*SUPPLIED ENTRIES:*
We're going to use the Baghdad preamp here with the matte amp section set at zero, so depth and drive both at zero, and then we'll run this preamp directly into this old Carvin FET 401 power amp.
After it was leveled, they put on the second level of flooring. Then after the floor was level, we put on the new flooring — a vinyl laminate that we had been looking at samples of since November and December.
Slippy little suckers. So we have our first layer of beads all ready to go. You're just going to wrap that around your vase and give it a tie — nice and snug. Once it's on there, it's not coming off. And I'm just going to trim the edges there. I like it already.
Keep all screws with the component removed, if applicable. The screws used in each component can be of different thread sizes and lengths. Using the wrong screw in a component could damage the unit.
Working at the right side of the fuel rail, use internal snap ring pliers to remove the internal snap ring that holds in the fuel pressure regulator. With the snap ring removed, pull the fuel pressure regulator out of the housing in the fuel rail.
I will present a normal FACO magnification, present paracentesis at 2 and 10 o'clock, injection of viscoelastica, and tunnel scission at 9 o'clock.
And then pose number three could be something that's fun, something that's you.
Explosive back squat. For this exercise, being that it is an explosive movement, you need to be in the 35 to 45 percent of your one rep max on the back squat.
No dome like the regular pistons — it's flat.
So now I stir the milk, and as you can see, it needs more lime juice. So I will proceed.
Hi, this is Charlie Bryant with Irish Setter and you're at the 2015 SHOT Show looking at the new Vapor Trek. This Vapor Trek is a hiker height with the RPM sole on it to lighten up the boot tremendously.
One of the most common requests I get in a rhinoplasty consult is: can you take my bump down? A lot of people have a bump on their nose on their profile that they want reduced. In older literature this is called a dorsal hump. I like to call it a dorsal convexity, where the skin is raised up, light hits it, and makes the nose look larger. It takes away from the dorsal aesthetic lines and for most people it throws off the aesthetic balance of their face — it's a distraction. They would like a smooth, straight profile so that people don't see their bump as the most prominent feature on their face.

*WHAT YOU ARE ASKED TO DO:* From the entries above, return exactly the line containing "After it was", the line containing "Slippy little suckers.", and all lines between, and nothing else.

*EXERCISE RESPONSE:*
After it was leveled, they put on the second level of flooring. Then after the floor was level, we put on the new flooring — a vinyl laminate that we had been looking at samples of since November and December.
Slippy little suckers. So we have our first layer of beads all ready to go. You're just going to wrap that around your vase and give it a tie — nice and snug. Once it's on there, it's not coming off. And I'm just going to trim the edges there. I like it already.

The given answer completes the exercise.